*** Opening Data for this task ***

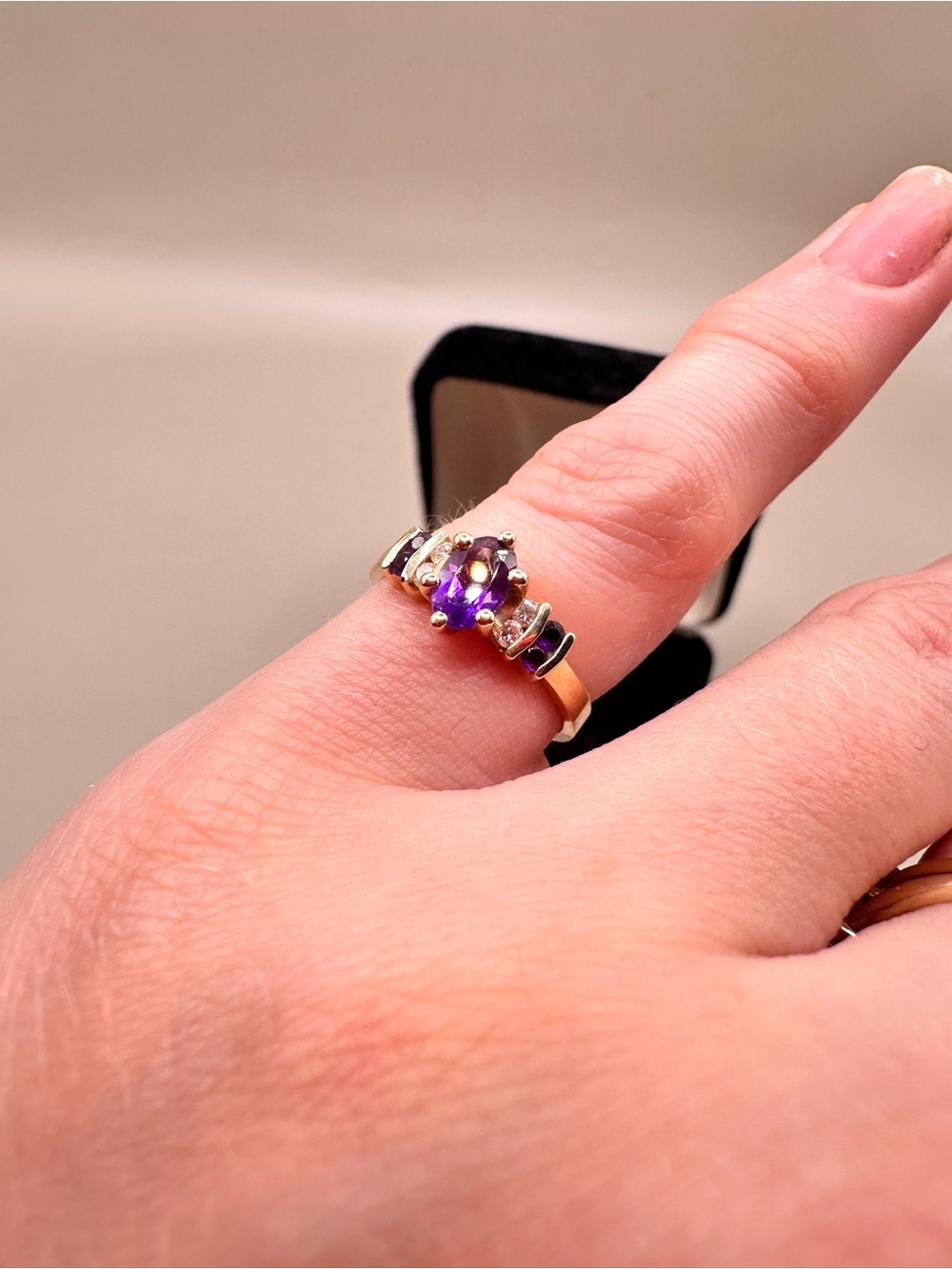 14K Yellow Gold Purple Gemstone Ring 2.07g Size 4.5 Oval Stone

*** Closing Data for this task ***
*** Opening Data for this task ***

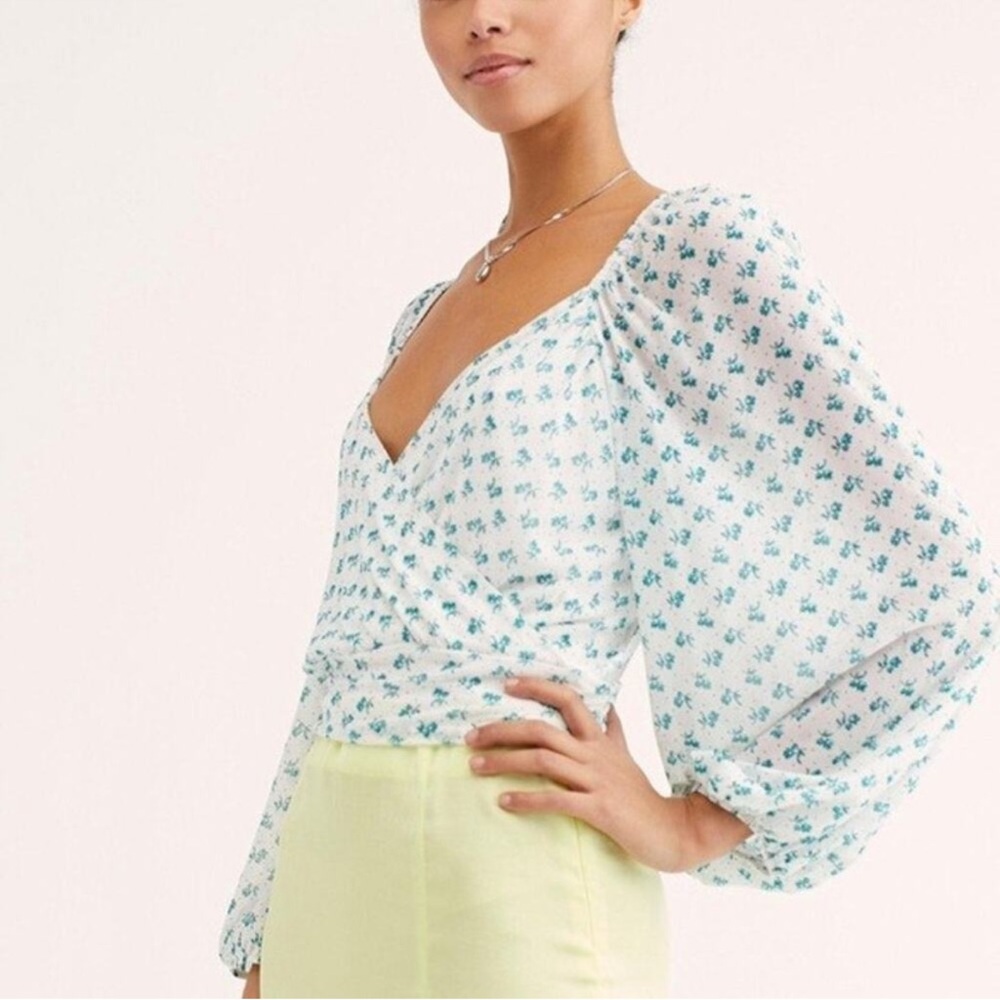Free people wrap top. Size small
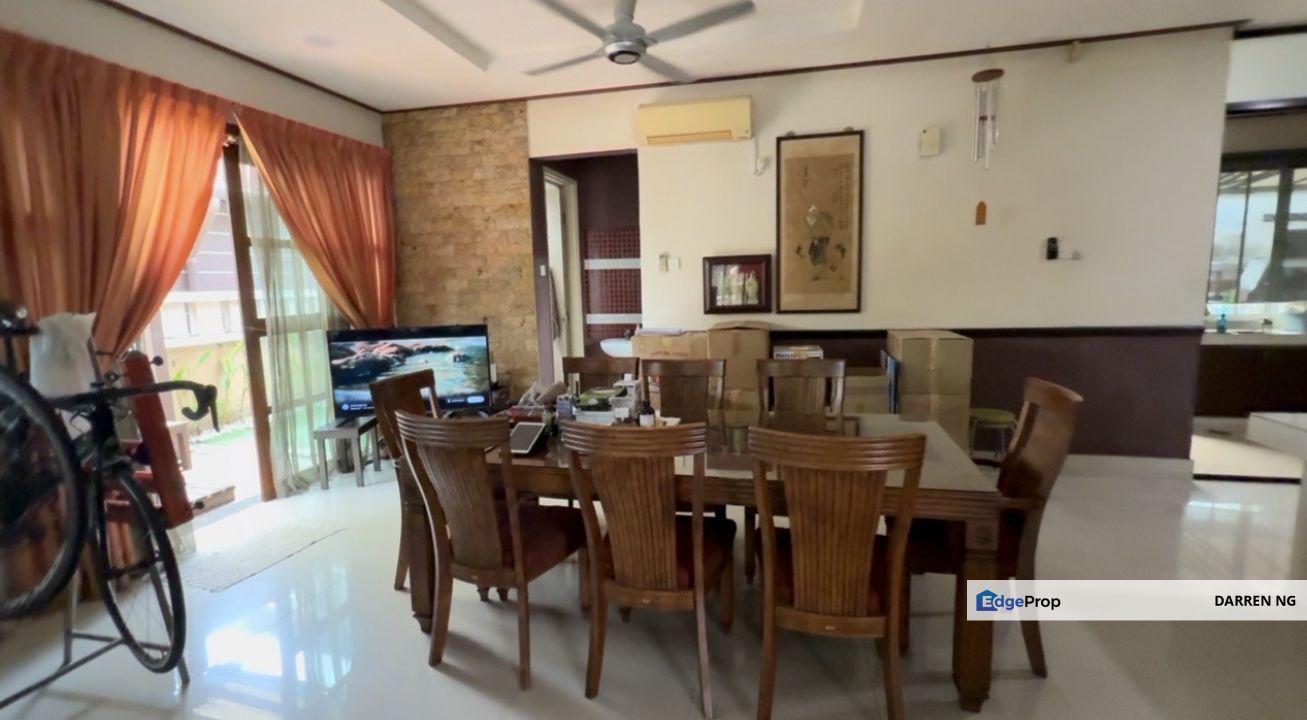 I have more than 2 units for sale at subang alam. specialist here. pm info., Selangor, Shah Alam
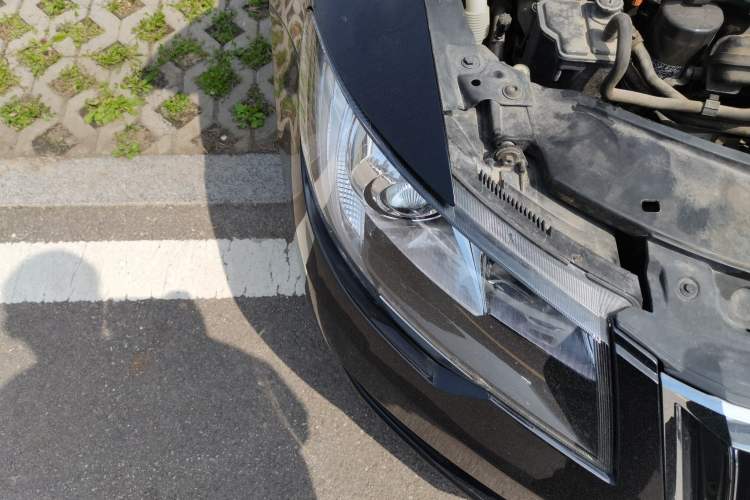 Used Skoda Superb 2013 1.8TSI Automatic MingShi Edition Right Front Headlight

*** Closing Data for this task ***
*** Opening Data for this task ***

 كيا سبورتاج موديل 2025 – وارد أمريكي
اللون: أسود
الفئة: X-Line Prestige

*** Closing Data for this task ***

[Instructions to follow] Repeat exactly the stretch of the listing above that starts with the line holding "I have more" and finishes with the line holding "Used Skoda Superb", both included. Skip every picture.

[Task response]
 I have more than 2 units for sale at subang alam. specialist here. pm info., Selangor, Shah Alam
 Used Skoda Superb 2013 1.8TSI Automatic MingShi Edition Right Front Headlight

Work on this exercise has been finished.